**YOUR OBJECTIVE**
Take the lines from the one with "#ad Baby Girl" through the last line of the material below and write them out exactly, without any pictures.

====== SUPPLIED DATA

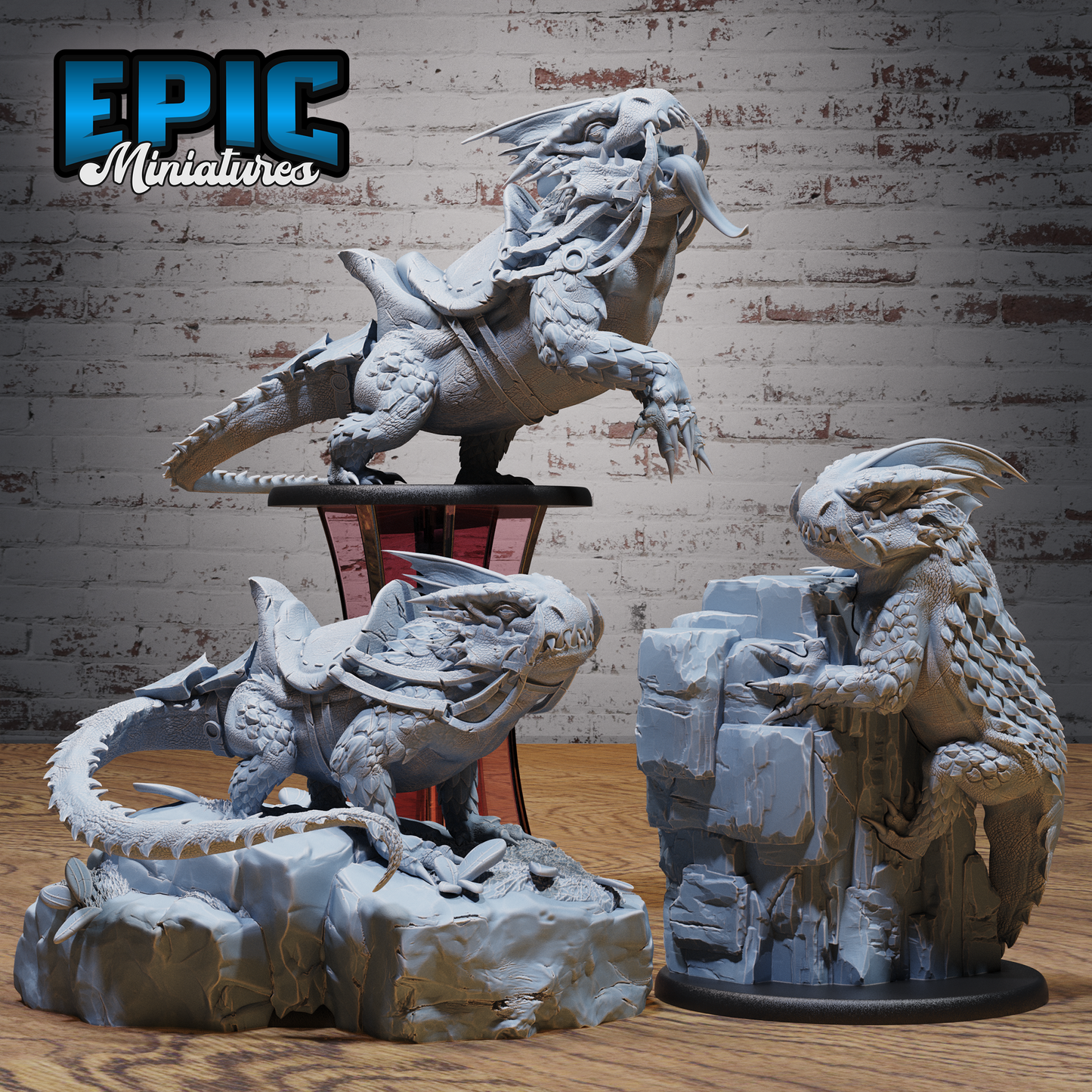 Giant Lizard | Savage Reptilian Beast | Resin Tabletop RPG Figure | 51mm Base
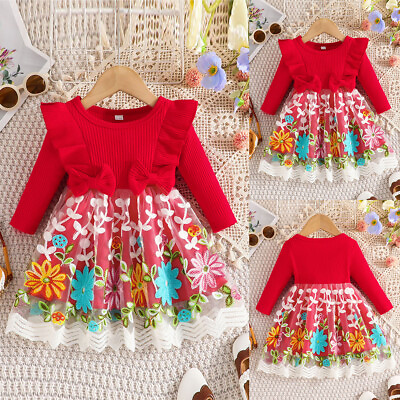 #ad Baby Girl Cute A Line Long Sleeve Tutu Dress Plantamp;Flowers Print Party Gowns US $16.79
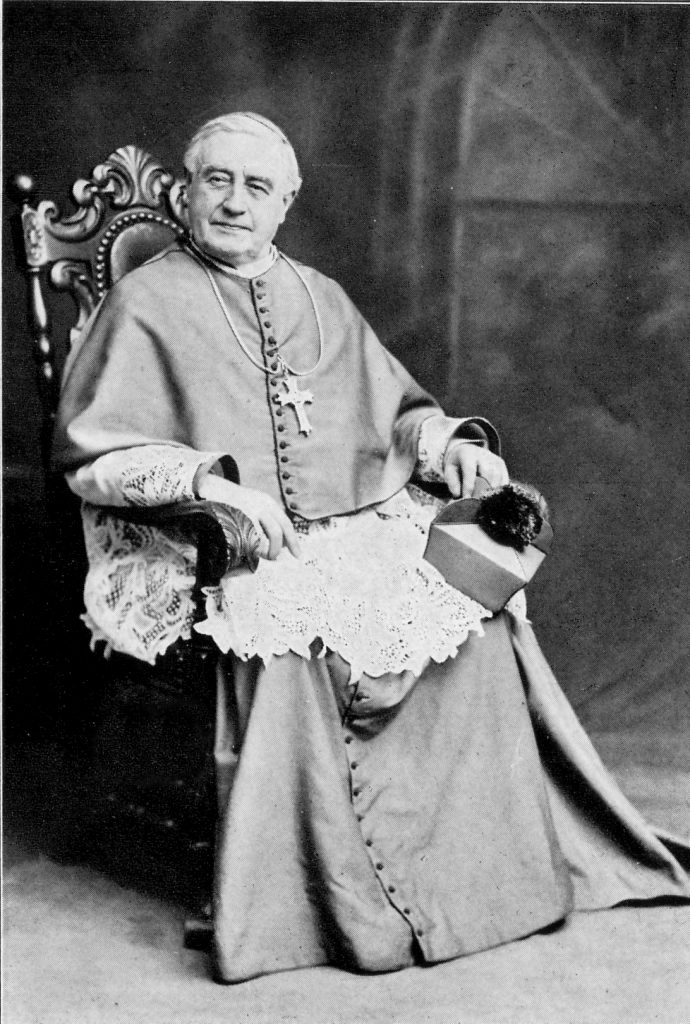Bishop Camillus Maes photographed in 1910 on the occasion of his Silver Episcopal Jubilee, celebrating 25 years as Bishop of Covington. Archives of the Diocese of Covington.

============

**SOLUTION**
 #ad Baby Girl Cute A Line Long Sleeve Tutu Dress Plantamp;Flowers Print Party Gowns US $16.79
Bishop Camillus Maes photographed in 1910 on the occasion of his Silver Episcopal Jubilee, celebrating 25 years as Bishop of Covington. Archives of the Diocese of Covington.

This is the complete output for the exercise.